In recognition of this, Cuomo is changing its proposal to allow delivery services to open up even further to this new industry so that more New Yorkers can participate as it grows. As part of this, local governments would have the option of refusing delivery services that take place in their jurisdiction.

Inappropriate Sales Crime

In building a new product market, as Cuomo’s proposal does, there will inevitably be attempts by bad actors to evade rules and commit fraud for their own financial gain. For this reason, it is vital to ensure that penalties are carefully calibrated to ensure that anyone wishing to enter this new market is acting on a level playing field.

Cannabis adds another complicating factor to this dynamic, however: Years of obsolete politics resulting from the war on drugs have disproportionately affected color communities. New York has already taken steps to decriminalize cannabis, and as this new market becomes reality, it is important that criminal penalties are carefully applied to ensure that progress already made is not accidentally reversed.

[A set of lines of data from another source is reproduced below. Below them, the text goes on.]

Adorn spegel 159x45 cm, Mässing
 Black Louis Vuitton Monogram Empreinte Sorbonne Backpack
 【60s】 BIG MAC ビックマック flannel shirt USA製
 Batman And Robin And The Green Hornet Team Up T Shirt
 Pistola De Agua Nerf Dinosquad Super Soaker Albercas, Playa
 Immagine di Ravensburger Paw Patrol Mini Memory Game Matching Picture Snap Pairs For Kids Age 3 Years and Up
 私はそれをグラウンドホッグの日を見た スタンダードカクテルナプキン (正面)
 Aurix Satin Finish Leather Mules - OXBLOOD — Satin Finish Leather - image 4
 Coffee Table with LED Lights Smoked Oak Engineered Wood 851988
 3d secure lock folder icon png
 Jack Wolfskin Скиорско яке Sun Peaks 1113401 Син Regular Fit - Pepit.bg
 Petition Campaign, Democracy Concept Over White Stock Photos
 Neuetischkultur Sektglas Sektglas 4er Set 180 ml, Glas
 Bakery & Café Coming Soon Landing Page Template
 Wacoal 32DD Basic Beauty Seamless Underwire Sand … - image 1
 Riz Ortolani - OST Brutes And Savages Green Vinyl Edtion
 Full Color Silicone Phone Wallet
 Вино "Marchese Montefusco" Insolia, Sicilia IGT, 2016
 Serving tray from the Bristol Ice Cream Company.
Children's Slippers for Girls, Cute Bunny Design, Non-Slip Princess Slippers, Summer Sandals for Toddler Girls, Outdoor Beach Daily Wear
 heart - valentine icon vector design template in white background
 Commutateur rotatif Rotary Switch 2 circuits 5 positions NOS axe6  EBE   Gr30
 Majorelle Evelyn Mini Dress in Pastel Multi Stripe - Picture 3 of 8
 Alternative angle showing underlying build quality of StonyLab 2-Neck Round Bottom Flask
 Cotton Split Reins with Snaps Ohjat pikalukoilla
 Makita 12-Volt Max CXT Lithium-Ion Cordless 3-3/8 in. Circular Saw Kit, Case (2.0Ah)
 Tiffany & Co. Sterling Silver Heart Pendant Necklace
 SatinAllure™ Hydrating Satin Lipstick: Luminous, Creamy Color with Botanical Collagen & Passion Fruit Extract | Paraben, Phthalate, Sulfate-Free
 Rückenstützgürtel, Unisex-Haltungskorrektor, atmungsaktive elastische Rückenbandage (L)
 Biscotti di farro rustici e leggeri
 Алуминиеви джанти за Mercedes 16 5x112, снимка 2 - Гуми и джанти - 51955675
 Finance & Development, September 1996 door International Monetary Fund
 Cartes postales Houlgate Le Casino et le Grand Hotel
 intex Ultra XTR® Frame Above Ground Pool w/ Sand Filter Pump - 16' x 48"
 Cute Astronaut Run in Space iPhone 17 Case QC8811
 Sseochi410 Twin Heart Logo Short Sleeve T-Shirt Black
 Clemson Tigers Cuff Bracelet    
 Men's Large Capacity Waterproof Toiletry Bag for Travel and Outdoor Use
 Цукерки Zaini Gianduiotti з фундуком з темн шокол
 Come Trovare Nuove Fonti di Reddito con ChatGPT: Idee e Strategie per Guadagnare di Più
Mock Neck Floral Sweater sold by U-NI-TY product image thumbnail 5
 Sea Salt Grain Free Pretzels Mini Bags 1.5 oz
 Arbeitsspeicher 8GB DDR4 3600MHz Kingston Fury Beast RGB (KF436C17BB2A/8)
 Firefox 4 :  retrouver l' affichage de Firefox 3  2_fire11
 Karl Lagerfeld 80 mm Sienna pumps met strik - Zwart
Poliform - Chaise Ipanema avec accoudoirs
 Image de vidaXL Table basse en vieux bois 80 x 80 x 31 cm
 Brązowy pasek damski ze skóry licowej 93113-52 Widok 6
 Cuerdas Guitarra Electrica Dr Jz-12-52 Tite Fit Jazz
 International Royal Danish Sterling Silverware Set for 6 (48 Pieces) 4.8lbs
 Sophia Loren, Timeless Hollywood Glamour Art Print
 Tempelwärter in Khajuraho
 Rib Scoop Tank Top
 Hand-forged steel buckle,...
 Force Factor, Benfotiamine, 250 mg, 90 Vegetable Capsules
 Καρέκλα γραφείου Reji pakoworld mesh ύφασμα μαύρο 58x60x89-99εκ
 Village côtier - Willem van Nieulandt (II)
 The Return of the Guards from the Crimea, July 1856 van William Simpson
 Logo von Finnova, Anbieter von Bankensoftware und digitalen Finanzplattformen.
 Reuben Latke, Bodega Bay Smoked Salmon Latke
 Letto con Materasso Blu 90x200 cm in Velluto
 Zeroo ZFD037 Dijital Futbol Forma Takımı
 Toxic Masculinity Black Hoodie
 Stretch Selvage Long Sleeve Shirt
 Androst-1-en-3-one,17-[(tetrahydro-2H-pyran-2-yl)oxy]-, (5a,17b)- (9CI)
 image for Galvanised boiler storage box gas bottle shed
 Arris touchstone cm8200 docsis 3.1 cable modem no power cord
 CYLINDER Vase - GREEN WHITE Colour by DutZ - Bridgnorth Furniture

For this reason, according to Cuomo’s amended proposal, certain penalties are reduced as follows:

  • Third degree criminal selling (selling to under the age of 21) is classified as a Class A misdemeanor
  • Second-degree criminal selling (selling over 16 ounces or 80 grams of concentrate) is made a class E crime
  • First-degree criminal selling (selling over 64 ounces or 320 grams of concentrate) is made a class D crime

Cuomo’s proposal builds on years of work to understand and decriminalize adult cannabis. In 2018, the Ministry of Health, led by Cuomo, conducted an inter-agency study that found that the positive effects of legalizing cannabis for adults far outweighed the negative. It was also found that the decades-long cannabis ban failed to meet public health and safety goals and resulted in unjust arrests and convictions, particularly among color communities.

In 2019, Governor Cuomo signed a law decriminalizing penalties for illegally possessing cannabis. Legislation also provides a procedure to clear records of certain convictions for cannabis. Later that year, Cuomo chaired a multi-state summit to discuss ways to legalize adult cannabis, ensure public health and safety, and regionally coordinate programs to minimize the cross-border traffic of cannabis products.

Building on this important work, Cuomo’s proposal reflects national standards and emerging best practices to promote responsible use, restricts sales of cannabis products to adults aged 21 and over, and introduces rigorous quality and safety controls, including strict regulations on packaging, labeling, Promotion and testing of all cannabis products. Cannabis regulation also provides an opportunity to invest in research and direct resources to communities hardest hit by the cannabis ban.